Fausse alerte. « C’était un enchevêtrement de filets rejeté par la mer », annonce-t-il d’un ton joyeux. Aujourd’hui, la quête est vaine et le scientifique ne cache pas son soulagement.  Visage buriné, chapeau ramené d’aventures passées en Asie centrale, M. Roussev, 63 ans, est le directeur scientifique du parc national des Lagunes de Touzly, 280 km2 de côtes protégées en Bessarabie, zone historique isolée de la région d’Odessa, dans le sud-ouest de l’Ukraine.  L’endroit pourrait sembler paradisiaque avec ses plages de sable fin et son eau transparente. Mais chaque jour, quand il part faire son inspection matinale dans ce territoire quadrillé par l’armée, longeant des mines antichar déposées au bord du chemin, Ivan Roussev se demande s’il va retrouver un nouveau dauphin.  « L’année dernière, sur nos 44 kilomètres de côte, on a retrouvé en tout et pour tout trois dauphins », dit-il à l’AFP: « Cette année, sur les seuls cinq kilomètres où on a le droit d’opérer, on en a déjà récupéré 35. »  Impossible en effet de savoir précisément combien se sont échoués ailleurs dans le parc. Par crainte d’un débarquement russe après le déclenchement de la guerre en février, l’armée ukrainienne y a pris position, en interdisant la majeure partie aux employés du parc.

Sonars surpuissants

Mais le bilan est « terrifiant », insiste M. Roussev, originaire de la région et qui a commencé dès le premier jour de l’invasion russe à recenser les effets de la guerre sur la faune et la flore, dans un journal de bord très suivi sur Facebook.  Les premiers mammifères se sont échoués dès mars.

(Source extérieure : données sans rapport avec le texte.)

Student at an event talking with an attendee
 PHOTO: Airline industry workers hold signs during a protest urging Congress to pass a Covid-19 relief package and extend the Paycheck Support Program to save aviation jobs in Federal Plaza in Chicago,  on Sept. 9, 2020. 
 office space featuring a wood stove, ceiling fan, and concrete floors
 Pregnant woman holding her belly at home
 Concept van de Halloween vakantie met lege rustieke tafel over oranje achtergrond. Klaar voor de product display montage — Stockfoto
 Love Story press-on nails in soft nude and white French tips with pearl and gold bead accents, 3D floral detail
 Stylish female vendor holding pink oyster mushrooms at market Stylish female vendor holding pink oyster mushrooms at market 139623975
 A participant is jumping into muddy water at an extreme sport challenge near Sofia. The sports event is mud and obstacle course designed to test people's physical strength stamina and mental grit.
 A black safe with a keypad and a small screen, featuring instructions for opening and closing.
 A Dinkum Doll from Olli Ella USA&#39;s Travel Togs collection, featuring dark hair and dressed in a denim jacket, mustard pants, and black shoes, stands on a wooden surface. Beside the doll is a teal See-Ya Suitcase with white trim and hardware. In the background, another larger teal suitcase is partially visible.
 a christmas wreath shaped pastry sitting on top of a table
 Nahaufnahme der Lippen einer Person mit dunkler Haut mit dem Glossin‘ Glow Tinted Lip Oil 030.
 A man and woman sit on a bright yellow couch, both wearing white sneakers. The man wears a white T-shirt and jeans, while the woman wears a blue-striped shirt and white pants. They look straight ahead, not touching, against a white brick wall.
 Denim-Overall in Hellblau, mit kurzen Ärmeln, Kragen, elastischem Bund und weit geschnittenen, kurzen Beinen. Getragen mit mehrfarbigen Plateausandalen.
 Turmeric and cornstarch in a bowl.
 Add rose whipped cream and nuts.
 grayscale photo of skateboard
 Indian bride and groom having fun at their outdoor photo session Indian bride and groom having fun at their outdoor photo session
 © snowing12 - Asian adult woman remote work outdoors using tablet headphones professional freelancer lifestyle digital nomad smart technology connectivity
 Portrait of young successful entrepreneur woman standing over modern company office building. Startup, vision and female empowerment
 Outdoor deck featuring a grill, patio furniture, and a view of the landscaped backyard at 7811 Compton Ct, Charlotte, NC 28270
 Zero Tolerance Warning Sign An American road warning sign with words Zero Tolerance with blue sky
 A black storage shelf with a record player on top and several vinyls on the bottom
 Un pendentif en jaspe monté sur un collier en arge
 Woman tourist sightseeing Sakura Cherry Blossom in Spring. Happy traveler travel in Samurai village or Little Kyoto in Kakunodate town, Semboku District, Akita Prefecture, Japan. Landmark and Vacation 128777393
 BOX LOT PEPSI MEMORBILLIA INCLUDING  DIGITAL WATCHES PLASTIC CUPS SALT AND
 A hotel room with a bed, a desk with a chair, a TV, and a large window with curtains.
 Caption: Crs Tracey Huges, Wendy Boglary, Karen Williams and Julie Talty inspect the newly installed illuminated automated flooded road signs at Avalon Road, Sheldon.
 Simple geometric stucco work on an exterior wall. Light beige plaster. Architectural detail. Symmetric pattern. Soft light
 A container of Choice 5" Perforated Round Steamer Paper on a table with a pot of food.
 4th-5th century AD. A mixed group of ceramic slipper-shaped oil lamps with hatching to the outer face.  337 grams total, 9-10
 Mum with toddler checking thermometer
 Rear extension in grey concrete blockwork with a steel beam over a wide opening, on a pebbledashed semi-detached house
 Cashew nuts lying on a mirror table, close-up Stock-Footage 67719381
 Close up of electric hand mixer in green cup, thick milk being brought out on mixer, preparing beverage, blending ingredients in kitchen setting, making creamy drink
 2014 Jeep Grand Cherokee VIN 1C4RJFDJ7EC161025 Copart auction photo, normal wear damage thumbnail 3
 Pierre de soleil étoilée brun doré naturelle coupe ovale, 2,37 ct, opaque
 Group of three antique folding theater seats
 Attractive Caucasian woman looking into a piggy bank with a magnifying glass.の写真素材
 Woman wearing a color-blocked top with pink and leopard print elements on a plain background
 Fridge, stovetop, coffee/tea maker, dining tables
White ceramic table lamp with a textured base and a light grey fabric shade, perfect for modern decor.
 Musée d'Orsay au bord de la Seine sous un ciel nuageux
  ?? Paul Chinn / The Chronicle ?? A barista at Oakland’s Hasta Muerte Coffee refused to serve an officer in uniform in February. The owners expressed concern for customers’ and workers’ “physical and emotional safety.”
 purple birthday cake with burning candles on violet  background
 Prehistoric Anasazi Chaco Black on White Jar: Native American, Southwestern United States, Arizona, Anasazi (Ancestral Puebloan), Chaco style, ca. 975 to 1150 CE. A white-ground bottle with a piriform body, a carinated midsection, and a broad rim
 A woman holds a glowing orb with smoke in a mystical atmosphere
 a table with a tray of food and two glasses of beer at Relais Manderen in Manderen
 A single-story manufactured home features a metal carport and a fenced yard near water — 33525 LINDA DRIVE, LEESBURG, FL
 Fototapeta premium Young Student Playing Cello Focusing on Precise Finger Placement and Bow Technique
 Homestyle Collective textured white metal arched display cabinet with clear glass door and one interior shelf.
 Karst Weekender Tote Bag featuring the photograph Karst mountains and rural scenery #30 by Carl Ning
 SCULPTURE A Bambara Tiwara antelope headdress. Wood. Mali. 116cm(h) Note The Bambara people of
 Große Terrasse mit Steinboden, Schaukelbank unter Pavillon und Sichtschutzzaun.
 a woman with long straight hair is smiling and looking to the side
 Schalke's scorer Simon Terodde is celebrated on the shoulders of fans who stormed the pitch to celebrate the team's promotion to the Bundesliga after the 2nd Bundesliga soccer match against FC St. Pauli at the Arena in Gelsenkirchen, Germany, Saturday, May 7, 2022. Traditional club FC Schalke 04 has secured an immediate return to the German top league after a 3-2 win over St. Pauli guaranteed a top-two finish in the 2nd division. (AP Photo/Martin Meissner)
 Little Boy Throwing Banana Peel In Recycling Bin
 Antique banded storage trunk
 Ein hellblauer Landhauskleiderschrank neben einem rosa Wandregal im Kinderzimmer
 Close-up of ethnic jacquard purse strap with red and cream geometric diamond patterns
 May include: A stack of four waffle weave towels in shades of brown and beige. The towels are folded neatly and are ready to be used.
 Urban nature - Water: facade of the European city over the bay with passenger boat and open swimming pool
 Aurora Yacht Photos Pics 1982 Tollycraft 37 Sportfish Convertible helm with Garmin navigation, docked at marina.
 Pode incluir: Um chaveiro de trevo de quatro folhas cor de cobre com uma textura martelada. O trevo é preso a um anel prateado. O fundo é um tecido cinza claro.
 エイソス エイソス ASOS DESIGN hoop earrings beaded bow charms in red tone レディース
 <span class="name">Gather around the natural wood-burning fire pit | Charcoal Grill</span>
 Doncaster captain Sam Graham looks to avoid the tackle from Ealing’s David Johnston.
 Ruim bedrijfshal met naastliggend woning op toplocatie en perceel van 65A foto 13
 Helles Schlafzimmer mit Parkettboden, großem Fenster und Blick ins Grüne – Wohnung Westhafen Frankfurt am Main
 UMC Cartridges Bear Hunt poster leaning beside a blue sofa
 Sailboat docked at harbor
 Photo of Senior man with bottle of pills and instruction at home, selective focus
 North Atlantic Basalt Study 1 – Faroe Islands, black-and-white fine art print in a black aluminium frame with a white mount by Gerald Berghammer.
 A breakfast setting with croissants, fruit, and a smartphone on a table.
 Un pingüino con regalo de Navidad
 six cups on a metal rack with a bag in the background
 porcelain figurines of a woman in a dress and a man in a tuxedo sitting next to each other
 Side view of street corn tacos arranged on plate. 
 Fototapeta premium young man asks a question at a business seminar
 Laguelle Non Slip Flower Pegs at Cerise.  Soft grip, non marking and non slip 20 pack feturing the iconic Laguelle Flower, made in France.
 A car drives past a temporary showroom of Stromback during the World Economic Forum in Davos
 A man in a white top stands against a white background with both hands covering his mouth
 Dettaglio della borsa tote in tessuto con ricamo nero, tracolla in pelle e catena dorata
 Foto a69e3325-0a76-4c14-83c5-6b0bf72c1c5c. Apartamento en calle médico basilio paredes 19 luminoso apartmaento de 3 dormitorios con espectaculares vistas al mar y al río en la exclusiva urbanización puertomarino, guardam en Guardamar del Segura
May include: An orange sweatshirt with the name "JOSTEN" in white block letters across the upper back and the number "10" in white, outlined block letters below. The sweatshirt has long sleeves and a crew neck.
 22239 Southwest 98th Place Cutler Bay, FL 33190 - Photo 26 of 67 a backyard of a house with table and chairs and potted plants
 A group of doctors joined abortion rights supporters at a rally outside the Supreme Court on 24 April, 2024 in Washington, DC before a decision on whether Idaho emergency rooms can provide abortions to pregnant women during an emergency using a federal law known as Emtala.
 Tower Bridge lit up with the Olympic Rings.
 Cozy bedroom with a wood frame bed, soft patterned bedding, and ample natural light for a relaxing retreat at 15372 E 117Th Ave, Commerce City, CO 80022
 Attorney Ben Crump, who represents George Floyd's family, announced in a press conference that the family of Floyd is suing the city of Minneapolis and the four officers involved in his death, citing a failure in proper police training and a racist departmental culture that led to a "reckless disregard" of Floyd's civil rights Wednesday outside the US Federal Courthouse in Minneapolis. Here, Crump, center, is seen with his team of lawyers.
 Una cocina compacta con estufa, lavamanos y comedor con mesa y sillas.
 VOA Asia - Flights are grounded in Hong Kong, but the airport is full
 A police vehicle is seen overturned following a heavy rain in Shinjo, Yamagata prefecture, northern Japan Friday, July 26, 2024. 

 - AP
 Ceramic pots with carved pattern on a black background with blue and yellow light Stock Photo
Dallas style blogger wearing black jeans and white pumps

Il fallait faire vite pour documenter ces morts : les chacals sont nombreux et une carcasse de dauphin ne passait jamais la nuit.  Puis, explique-t-il, « on a commencé à communiquer avec nos collègues turcs, bulgares, roumains, et tous font le même constat : il y a un nombre énorme de dauphins morts depuis le début de la guerre ».  La Fondation turque pour la recherche marine (Tudav) s’est déjà inquiétée en mars d’une « hausse inhabituelle » des décès de dauphins retrouvés sur la côte turque de la mer Noire.   M. Roussev avance un chiffre, « 5.000 dauphins tués selon les données recueillies », soit près de 2% de la population totale de ce cétacé en mer Noire.  Estimés à deux millions au milieu du 20ème siècle, les trois espèces de dauphins qui peuplent cette mer quasi-fermée ont souffert pendant des décennies de la pêche et de la pollution. Le dernier recensement, en 2020, établissait leur nombre à 250.000, relève M. Roussev.   Pour lui, aucun doute : les coupables de l’hécatombe actuelle sont les sonars surpuissants utilisés par les navires de guerre et sous-marins russes arpentant la mer Noire, qui perturbent « le système acoustique des dauphins ».  « Cela détruit leur oreille interne, ils deviennent aveugles, ne peuvent plus s’orienter ni pêcher », détaille Ivan Roussev. Affaiblis, les dauphins tombent malades et meurent d’infections.  Il en veut pour preuve qu’aucun dauphin retrouvé cette année n’avait de blessures apparentes, ni de plaies typiques indiquant qu’il s’était pris dans un filet de pêche.

Equilibre détruit

Reste à faire confirmer cette hypothèse, alors que la guerre entre Moscou et Kiev se déplace jusque sur le terrain écologique.  Des scientifiques russes, qui constatent eux aussi une surmortalité de dauphins, évacuent la thèse des sonars et assurent qu’ils sont victimes d’un morbillivirus, une cause d’épidémies mortelles fréquentes chez les mammifères marins.  Pour lever le doute, des échantillons qui seront analysés en Allemagne et en Italie ont été prélevés sur les derniers spécimens retrouvés dans le parc.  Près de la baraque en bois dans laquelle il dort, à l’entrée du parc, Ivan Roussev a laissé dans l’eau stagnante de la lagune la carcasse du dernier dauphin. Il l’a entouré d’un filet de pêche: les poissons le mangeront, puis il récupèrera le squelette pour le donner à un musée.  Ce passionné d’ornithologie, qui peut tout abandonner pour observer un vol de pélicans ou admirer un pygargue à queue blanche, ne cache pas son inquiétude. Le parc national a été touché par des frappes qui ont brûlé 100 hectares de zones protégées.  « La guerre est une chose effrayante. Elle a un impact sur l’écosystème dans son ensemble, sur des espèces qui auront du mal à se rétablir et à restaurer l’équilibre de la nature. »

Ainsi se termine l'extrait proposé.